Whenever Washington Capitals head coach Bruce Boudreau gets impatient with his team's power play, it's usually because the men on the ice are playing just a little too cute.
Granted, when you can count on players like Alex Ovechkin, Alexander Semin and Mike Green, you can understand why the power play unit might fall into the trap of making one more perfect pass instead of just firing from the puck from the point and letting somebody down low take care of the garbage goals.
Of course, the one essential element in keeping the game plan that simple has been the presence of a player down low willing to pay a physical price to claim that real estate. Oh, and it doesn't hurt if that player has soft hands and a killer instinct to pounce on loose pucks and bang them home. The prototype for such a player is easy to find: Detroit's Tomas Holmstrom.
Over the course of two seasons, team captain Chris Clark made it clear he was willing to do the job, and he made the most of it. Clark scored 50 goals in the two years he regularly rode shotgun on Ovechkin's opposite wing. Unfortuantely for Clark, paying that physical price has landed him on the team's injured list all too often over the past 14 months. With him out of the lineup, no other player has really stepped up to claim the role in Washington.

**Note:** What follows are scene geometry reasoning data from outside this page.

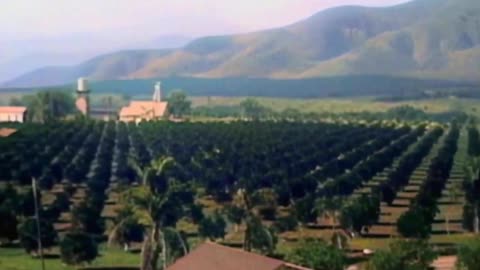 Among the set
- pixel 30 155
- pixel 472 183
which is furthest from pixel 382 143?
pixel 472 183

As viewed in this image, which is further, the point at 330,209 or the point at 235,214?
the point at 330,209

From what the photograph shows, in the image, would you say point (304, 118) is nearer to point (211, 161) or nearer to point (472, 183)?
point (211, 161)

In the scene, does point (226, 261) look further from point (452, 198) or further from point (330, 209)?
point (452, 198)

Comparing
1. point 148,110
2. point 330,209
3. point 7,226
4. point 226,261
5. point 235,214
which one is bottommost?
point 330,209

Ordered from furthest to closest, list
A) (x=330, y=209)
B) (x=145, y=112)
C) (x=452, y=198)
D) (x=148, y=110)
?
(x=148, y=110) → (x=145, y=112) → (x=452, y=198) → (x=330, y=209)

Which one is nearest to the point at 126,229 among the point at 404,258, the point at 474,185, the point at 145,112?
the point at 404,258

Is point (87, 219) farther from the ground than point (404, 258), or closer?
closer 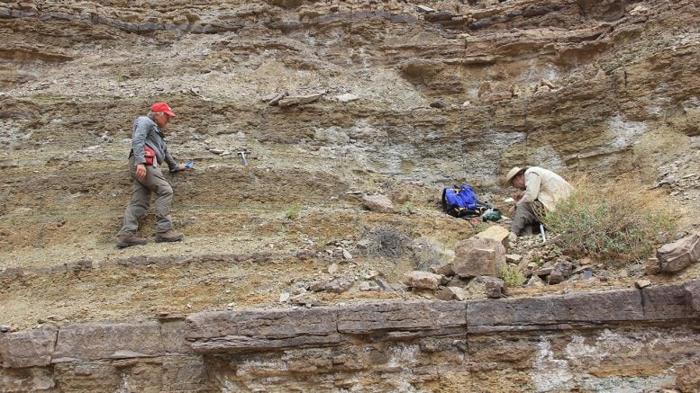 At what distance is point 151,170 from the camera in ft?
26.3

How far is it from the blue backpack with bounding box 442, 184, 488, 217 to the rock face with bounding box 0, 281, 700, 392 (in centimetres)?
347

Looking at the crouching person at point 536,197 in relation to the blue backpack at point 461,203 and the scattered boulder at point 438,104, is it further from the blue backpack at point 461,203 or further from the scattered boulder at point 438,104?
the scattered boulder at point 438,104

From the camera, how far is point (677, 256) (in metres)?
5.44

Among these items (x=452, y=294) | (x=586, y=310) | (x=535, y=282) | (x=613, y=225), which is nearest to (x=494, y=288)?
(x=452, y=294)

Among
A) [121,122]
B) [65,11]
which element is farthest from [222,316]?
[65,11]

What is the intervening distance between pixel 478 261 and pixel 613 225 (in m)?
1.55

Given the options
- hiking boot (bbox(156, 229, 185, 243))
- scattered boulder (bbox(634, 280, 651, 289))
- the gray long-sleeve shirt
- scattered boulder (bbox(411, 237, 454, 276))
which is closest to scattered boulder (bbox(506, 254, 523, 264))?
scattered boulder (bbox(411, 237, 454, 276))

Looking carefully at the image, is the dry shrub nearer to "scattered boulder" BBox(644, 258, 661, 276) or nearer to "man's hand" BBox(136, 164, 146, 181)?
"scattered boulder" BBox(644, 258, 661, 276)

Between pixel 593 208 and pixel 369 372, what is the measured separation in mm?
3379

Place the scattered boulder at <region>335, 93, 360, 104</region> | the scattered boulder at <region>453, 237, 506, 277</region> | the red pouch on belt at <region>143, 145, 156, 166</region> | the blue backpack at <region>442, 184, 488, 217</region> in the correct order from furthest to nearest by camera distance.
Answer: the scattered boulder at <region>335, 93, 360, 104</region>, the blue backpack at <region>442, 184, 488, 217</region>, the red pouch on belt at <region>143, 145, 156, 166</region>, the scattered boulder at <region>453, 237, 506, 277</region>

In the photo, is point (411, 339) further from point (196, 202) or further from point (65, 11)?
point (65, 11)

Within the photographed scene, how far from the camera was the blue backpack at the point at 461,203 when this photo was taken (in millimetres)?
8953

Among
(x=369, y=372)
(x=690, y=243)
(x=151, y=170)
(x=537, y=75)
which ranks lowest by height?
(x=369, y=372)

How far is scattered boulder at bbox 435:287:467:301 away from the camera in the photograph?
5.78 meters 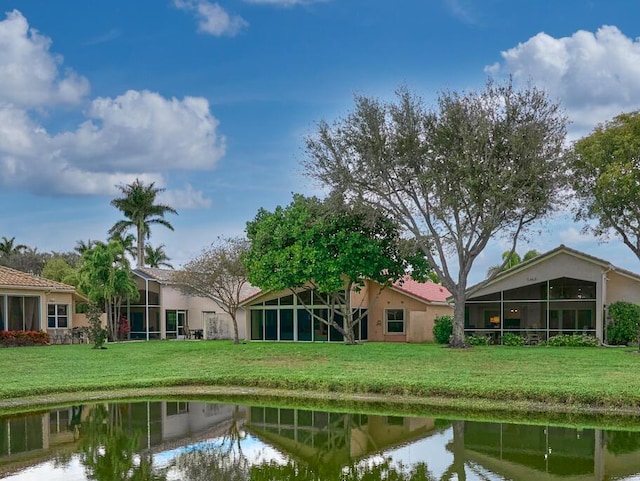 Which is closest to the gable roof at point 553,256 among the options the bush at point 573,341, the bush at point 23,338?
the bush at point 573,341

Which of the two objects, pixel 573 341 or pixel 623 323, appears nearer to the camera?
pixel 623 323

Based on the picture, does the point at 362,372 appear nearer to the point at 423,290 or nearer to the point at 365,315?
the point at 365,315

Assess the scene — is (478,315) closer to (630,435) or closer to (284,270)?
(284,270)

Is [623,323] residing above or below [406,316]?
above

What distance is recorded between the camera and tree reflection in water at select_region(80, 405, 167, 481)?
10266mm

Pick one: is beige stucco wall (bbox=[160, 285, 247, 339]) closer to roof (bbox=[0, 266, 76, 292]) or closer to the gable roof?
roof (bbox=[0, 266, 76, 292])

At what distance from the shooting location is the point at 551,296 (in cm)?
3381

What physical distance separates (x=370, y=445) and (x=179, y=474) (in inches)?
144

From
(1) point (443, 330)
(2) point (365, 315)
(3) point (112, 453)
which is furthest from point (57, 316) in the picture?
(3) point (112, 453)

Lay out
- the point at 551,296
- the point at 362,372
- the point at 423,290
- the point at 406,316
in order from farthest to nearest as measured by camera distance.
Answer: the point at 423,290 < the point at 406,316 < the point at 551,296 < the point at 362,372

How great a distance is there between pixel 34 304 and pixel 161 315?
9440 mm

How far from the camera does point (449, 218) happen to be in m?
29.8

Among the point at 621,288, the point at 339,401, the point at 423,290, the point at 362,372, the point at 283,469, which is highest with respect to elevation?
the point at 621,288

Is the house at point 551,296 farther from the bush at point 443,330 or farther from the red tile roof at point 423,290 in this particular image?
the red tile roof at point 423,290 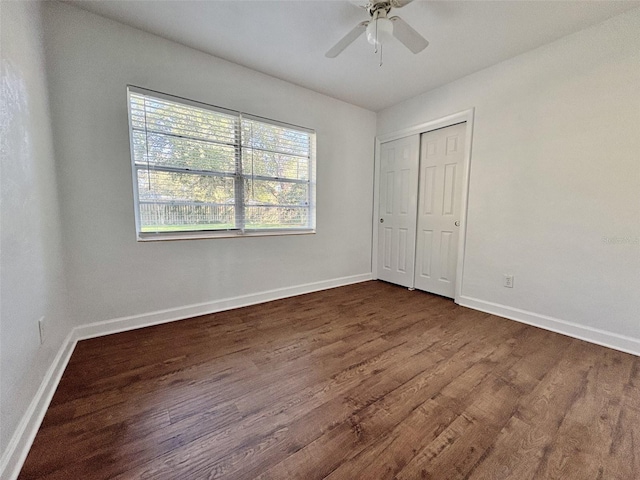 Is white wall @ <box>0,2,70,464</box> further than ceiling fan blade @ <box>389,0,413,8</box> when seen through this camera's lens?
No

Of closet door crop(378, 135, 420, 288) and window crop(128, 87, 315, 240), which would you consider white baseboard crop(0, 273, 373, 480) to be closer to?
closet door crop(378, 135, 420, 288)

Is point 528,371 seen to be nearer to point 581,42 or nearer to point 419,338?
point 419,338

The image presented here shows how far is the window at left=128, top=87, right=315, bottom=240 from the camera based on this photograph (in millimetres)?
2219

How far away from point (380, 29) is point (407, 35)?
198mm

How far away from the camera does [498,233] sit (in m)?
2.58

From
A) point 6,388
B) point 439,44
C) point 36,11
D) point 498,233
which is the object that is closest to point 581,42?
point 439,44

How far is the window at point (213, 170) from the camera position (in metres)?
2.22

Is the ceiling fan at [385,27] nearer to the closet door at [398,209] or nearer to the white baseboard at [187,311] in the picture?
the closet door at [398,209]

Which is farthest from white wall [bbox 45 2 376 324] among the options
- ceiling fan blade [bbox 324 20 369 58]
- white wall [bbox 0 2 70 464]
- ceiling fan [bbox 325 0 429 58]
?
ceiling fan [bbox 325 0 429 58]

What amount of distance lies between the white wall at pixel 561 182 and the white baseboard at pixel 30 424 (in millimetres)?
3369

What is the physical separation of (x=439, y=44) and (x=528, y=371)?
8.66ft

But last night, the team got a closer look at the young man who may very well be the solution one day: winger Oskar Osala.
Listed at 6'4" and 217 pounds, it's hard to ignore the massive Finn anywhere he might be on the ice. Certainly, it's been tough to ignore him in the AHL, where he's managed to score 16 goals in just 26 games for Hershey. If he can keep up that pace, the pick is going to look something like a steal for Washington, as they snagged him in the 4th round and 97th overall in the 2006 NHL Entry Draft.
Said Washington Coach Bruce Boudreau to Tarik el-Bashir of the Washington Post after the team recalled Osala from Hershey to bolster an injury-depleted lineup: "People who pay money to see games, want to see a bang for their buck ... He's got skill, he goes to the front of the net, he works the corners, he's all of those things."
But while Osala might have a lot of potential, it's clear that the Caps are going to bring him along slowly. In last night's victory over Eastern Conference-leading Boston, Osala clocked a little more than 11 minutes of ice time, all of those coming at even strength. Playing on a line with Brooks Laich and Matt Bradley, Osala seemed a bit tentative at times, and he admitted as much after the game: "I was so nervous in the first, and then in the second period you start feeling a little more loose, and I got the first out of the way now. It feels really good."
Luckily for Osala, his stay with the Caps will be extended to at least Friday night when Washington hosts Ottawa. "I really hope to step it up a notch on Friday," he said last night. "This was the first game. You try to play it safe. I really look forward to stepping it up and getting better if I get another chance."
He's not the only one looking forward to it.